Mitralmania continues as HeartWare buys Valtech
Like Medtronic last week, HeartWare International has bought a little-known private company with technology designed to address mitral valve disease. But the acquisition of Valtech Cardio for around $360m up front yesterday is a much bigger risk for HeartWare than buying Twelve was for Medtronic.
The move will help the company guard against a buyout like that which engulfed its former rival Thoratec in July. And HeartWare, previously a specialist heart pump maker, now has a more diverse but complementary product range. But the market has taken against the stock-funded purchase, pushing the group’s shares down 20%; HeartWare will have to handle this very carefully.
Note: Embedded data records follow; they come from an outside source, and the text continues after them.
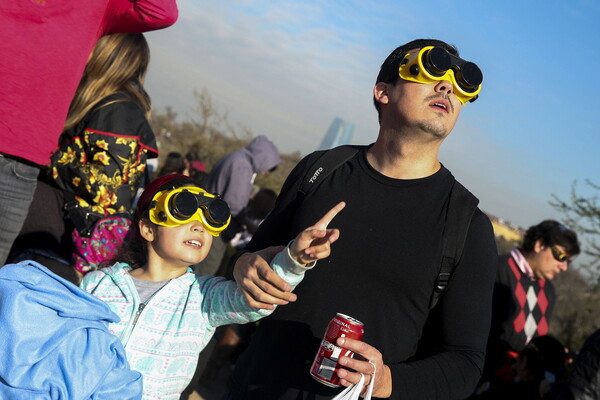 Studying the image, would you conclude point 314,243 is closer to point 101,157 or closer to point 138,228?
point 138,228

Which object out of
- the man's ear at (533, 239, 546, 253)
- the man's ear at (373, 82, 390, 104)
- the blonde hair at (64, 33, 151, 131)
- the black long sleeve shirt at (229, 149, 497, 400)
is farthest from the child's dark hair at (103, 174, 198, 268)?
the man's ear at (533, 239, 546, 253)

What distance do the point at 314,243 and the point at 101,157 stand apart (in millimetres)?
1681

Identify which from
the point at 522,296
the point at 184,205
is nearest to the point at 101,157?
the point at 184,205

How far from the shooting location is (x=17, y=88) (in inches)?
112

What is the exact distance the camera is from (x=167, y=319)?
269 cm

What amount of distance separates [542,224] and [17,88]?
4542 mm

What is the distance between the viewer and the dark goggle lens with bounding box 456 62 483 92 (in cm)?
250

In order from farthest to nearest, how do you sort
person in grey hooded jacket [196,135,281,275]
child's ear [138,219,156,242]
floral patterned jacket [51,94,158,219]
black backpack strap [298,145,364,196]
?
person in grey hooded jacket [196,135,281,275]
floral patterned jacket [51,94,158,219]
child's ear [138,219,156,242]
black backpack strap [298,145,364,196]

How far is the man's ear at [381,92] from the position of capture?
277 cm

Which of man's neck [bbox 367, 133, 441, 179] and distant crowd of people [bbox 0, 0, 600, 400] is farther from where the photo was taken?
man's neck [bbox 367, 133, 441, 179]

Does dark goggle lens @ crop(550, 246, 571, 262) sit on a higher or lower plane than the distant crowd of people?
higher

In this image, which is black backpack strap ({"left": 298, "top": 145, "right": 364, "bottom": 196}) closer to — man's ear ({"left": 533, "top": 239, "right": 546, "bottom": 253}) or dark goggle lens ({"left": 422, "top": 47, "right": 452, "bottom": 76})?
dark goggle lens ({"left": 422, "top": 47, "right": 452, "bottom": 76})

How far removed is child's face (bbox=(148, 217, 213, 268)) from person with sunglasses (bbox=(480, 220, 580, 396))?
329cm

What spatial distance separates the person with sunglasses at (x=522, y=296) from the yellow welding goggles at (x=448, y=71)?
10.6ft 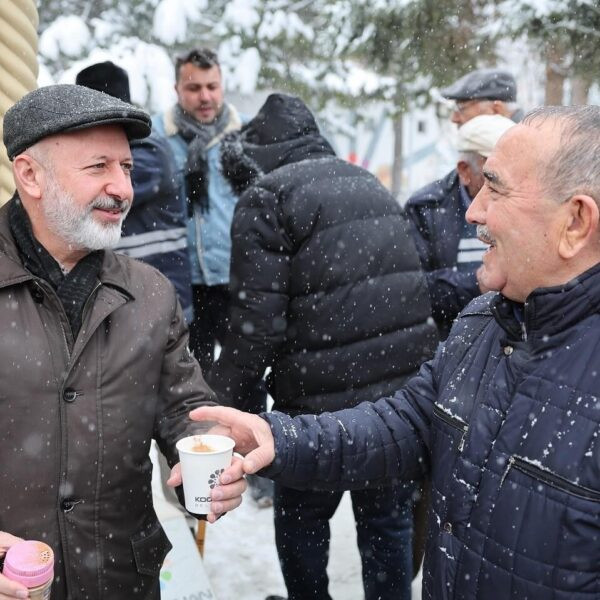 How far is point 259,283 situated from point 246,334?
26 cm

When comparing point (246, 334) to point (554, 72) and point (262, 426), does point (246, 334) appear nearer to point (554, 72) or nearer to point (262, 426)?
point (262, 426)

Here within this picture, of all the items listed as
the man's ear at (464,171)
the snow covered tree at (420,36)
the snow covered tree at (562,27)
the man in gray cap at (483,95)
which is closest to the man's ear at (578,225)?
the man's ear at (464,171)

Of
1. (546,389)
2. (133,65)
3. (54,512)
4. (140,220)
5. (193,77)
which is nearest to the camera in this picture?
(546,389)

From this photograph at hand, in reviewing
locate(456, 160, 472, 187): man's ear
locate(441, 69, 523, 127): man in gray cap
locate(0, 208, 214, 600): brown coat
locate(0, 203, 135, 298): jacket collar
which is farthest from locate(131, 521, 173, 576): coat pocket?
locate(441, 69, 523, 127): man in gray cap

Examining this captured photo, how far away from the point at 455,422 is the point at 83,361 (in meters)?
1.07

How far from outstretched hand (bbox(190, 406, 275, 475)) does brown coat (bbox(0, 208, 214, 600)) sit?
27cm

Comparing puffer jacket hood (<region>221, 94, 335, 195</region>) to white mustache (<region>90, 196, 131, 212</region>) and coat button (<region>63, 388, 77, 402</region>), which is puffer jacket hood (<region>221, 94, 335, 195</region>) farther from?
coat button (<region>63, 388, 77, 402</region>)

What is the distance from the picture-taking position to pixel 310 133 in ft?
12.0

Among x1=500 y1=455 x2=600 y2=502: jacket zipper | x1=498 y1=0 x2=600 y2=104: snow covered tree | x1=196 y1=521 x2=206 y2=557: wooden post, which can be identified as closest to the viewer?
x1=500 y1=455 x2=600 y2=502: jacket zipper

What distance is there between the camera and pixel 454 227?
3986 mm

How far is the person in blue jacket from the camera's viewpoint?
5.61ft

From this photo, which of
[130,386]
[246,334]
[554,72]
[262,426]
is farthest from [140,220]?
[554,72]

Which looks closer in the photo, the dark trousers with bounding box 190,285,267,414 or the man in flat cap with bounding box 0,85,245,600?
the man in flat cap with bounding box 0,85,245,600

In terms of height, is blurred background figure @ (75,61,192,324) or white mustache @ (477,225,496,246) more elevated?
white mustache @ (477,225,496,246) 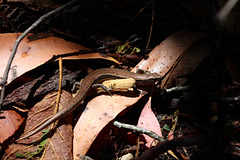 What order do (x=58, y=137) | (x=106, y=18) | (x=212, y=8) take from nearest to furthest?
1. (x=58, y=137)
2. (x=212, y=8)
3. (x=106, y=18)

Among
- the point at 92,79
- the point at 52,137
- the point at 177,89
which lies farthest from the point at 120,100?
the point at 52,137

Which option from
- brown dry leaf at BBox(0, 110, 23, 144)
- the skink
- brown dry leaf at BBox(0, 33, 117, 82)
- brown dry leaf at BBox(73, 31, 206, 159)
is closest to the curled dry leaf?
brown dry leaf at BBox(73, 31, 206, 159)

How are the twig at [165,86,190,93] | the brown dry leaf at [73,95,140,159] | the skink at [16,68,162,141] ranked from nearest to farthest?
the brown dry leaf at [73,95,140,159] < the skink at [16,68,162,141] < the twig at [165,86,190,93]

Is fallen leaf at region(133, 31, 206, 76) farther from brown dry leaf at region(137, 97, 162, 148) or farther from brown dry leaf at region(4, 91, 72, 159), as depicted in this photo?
brown dry leaf at region(4, 91, 72, 159)

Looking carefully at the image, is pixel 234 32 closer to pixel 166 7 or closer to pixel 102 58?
pixel 166 7

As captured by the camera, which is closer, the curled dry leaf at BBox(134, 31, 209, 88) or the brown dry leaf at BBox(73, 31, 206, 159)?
the brown dry leaf at BBox(73, 31, 206, 159)

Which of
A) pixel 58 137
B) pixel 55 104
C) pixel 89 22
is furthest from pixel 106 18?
pixel 58 137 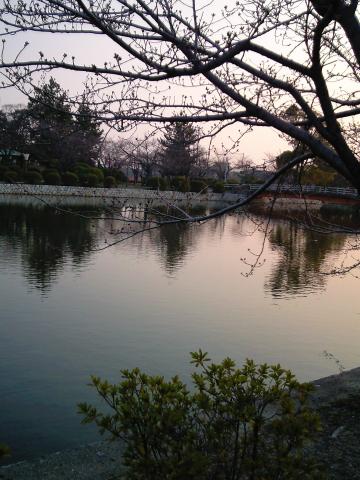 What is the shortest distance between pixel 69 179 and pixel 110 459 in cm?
3539

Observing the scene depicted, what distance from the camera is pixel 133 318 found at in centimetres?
992

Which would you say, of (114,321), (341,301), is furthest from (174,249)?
(114,321)

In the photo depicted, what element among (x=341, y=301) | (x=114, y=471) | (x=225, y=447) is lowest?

Putting this deal together with the acquisitions contracted by Edwards, Abbott and Medtronic means that around $1.3bn has been spent on companies with mitral valve technologies in just the past few months. But the HeartWare buy is worth around $818m when future milestones are included, vastly more than the other deals.
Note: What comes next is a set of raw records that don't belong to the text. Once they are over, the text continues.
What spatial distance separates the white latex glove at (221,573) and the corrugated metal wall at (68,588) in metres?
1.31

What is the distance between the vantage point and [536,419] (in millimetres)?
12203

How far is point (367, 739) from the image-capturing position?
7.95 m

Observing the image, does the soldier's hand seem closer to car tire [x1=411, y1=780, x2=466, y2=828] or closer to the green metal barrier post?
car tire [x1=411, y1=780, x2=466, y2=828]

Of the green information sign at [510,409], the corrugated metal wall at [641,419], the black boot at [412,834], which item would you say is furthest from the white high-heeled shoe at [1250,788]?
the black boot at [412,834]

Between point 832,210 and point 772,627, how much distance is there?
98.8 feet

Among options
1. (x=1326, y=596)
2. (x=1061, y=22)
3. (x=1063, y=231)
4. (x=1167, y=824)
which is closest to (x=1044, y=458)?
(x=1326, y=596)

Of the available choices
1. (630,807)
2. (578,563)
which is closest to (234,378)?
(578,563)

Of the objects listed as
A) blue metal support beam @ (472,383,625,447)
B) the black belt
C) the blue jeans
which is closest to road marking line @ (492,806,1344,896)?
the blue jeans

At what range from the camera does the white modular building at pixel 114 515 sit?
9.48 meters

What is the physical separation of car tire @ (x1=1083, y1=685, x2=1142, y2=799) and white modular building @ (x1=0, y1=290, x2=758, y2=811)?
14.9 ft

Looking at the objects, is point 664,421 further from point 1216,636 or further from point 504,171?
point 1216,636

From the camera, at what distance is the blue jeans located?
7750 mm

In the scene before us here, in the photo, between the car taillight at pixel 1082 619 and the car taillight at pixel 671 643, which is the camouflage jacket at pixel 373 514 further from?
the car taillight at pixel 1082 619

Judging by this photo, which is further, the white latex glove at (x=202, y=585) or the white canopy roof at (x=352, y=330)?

Valtech investors will initially receive 4.4 million HeartWare shares, with an additional 150,000 if clinical and regulatory targets are hit. Further down the line the pact contains warrants to purchase 850,000 HeartWare shares at $83.73 each when net sales of Valtech products reach $75m, and an earn-out payment of $375m when they hit $450m.
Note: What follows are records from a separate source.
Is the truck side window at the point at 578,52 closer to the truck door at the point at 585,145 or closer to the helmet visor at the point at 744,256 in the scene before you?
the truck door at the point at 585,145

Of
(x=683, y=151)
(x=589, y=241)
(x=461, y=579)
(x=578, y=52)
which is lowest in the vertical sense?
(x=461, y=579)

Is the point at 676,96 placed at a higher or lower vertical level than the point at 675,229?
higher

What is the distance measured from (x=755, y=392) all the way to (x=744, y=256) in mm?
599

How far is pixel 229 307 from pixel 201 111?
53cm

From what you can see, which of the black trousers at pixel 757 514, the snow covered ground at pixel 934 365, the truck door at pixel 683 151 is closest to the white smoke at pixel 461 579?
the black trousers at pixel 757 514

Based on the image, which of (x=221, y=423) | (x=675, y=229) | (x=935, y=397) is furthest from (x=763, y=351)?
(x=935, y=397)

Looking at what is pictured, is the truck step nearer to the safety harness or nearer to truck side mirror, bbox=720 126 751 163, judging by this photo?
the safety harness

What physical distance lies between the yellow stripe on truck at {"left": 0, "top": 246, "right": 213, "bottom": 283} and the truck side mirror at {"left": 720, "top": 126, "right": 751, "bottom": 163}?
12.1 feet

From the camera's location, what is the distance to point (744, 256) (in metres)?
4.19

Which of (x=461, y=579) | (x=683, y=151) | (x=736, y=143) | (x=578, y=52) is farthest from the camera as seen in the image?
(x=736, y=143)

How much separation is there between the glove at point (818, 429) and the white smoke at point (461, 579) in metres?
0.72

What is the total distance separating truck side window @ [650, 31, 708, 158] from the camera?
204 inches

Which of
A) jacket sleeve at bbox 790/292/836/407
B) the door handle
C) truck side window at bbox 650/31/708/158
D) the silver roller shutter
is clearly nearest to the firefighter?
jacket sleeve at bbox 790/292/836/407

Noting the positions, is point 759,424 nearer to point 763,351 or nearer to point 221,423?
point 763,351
Valuation is thus tricky. EP Vantage has used the closing price on Tuesday, $81.81, as the basis for the calculations.
The up-front fee is about par with the other acquisitions in this space, but Medtronic spent 0.4% of its market cap, Abbott 0.3% and Edwards 2%. HeartWare is to pay around a third of its market cap and if Valtech’s technologies do not pay off the company could be in trouble.
|Recent acquisitions of mitral valve companies
|July 10, 2015
|July 30, 2015
|August 25, 2015
|September 2, 2015
|*Cardioband is a repair product; all others are replacement technologies.
When the HeartWare-Valtech deal is concluded, the company will have devices intended for both transcatheter repair and replacement of the mitral valve. Valtech’s main products are Cardiovalve, a transcatheter mitral valve replacement system implanted via the femoral vein and the septum of the heart, and Cardioband, a transfemoral system for repair of both the mitral and tricuspid valves.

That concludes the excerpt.